Grading Student’s Assessments
Pre Assessments and formative assessments
The primary purpose of preassessments and formative assessments (A system of providing continual feedback about preconceptions and performances to both learners and instructors; an ongoing evaluation of student learning.) is to guide instruction. Preassessments and homework should never be graded. Formative assessments should rarely be graded, and only when students are informed ahead of time. The reason for this is that, if teachers grade these types of assessments early in the grading cycle, some students’ grade averages will be lowered because they are unable to perform well on a task that they have just been introduced to. Instead, summative assessments (An evaluation administered to measure student learning outcomes, typically at the end of a unit or chapter. Often used to evaluate whether a student has mastered the content or skill.) should be graded to determine whether students have mastered the content.
Grades should be an accurate reflection of student achievement. Teachers should not adjust a student’s grades either higher or lower based on other factors such as effort, bonus points, and behavior. Similarly, teachers should not grade on curve.
Multiple attempts at mastery
Because students learn at different rates, some might not perform well on the summative assessment. However, this does not mean that students cannot master the content or skill; they might just need more time. Teachers should give students another chance to demonstrate mastery without being penalized (e.g., deducting points for a second attempt). Teachers should give students full credit if they master the content on subsequent attempts.

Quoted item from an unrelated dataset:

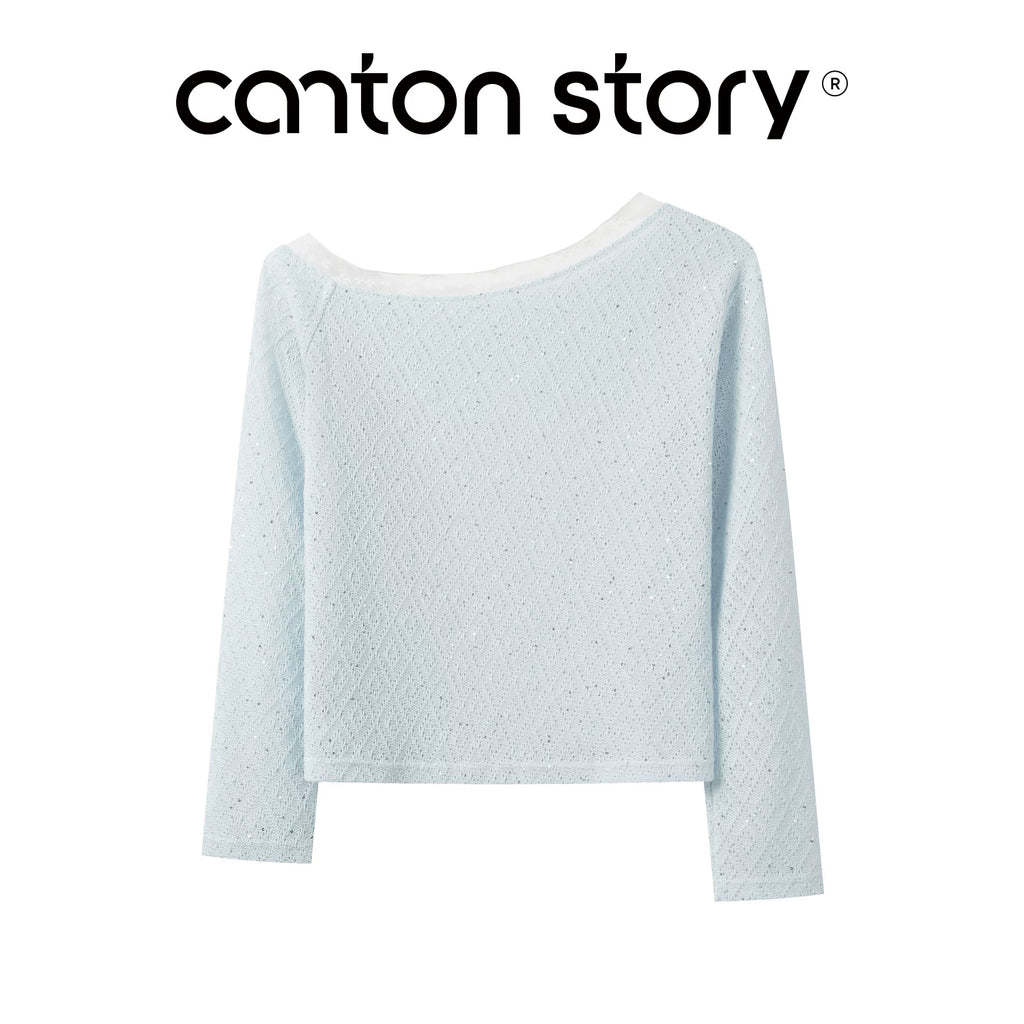 Cantonstory Slanted Shoulder Lace Sequin Cut-out Long Sleeves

Because students learn in different ways, some require more supports to successfully learn content or a skill and to demonstrate their knowledge. If teachers provide supports (e.g., graphic organizers) to help students master the material, they should also provide these same supports when students are being assessed (without adjusting the grade).

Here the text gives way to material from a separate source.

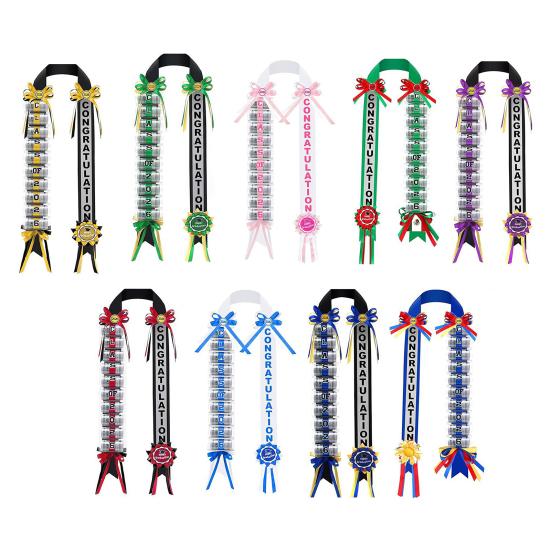 2026 Graduation Money Lei with 11 Cash Holder Double Braided Grad Ribbon Leis Graduation Gifts for Class of 2026 High School College Party Supplies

Extra credit or bonus points
Assignments or tests evaluate students’ mastery of specific content or skills. Although typically not recommended in a differentiated classroom, if a teacher awards extra credit or bonus points, they should only be awarded if the extra credit assignment or bonus activity assesses this same content. If extra credit assignment or bonus point items are unrelated, students’ grades will be inflated and not an accurate reflection of mastery.
When cooperative learning (Instructional arrangement in which heterogeneous (mixed-ability) groups are employed as a method of maximizing the learning of everyone in those groups; also helps students to develop social skills and has been demonstrated to yield especially favorable results for students in at-risk groups, such as those with learning disabilities.) activities are used to teach students about a topic, the teacher should not grade this activity. Teachers should avoid assigning a single grade to all of the students who work together on a group project because such grades will not reflect an individual student’s mastery of the topic at hand.
Traditionally, teachers record a zero for students who do not turn in an assignment. Even for students who generally receive good grades, a single zero can significantly lower their overall average. This is also true for students who receive a very low grade on a test or assignment (e.g., 20%). Some teachers who differentiate instruction record a grade that will indicate that the students are not proficient in a given topic (e.g., 50% or 60%) without skewing the student’s overall grade average.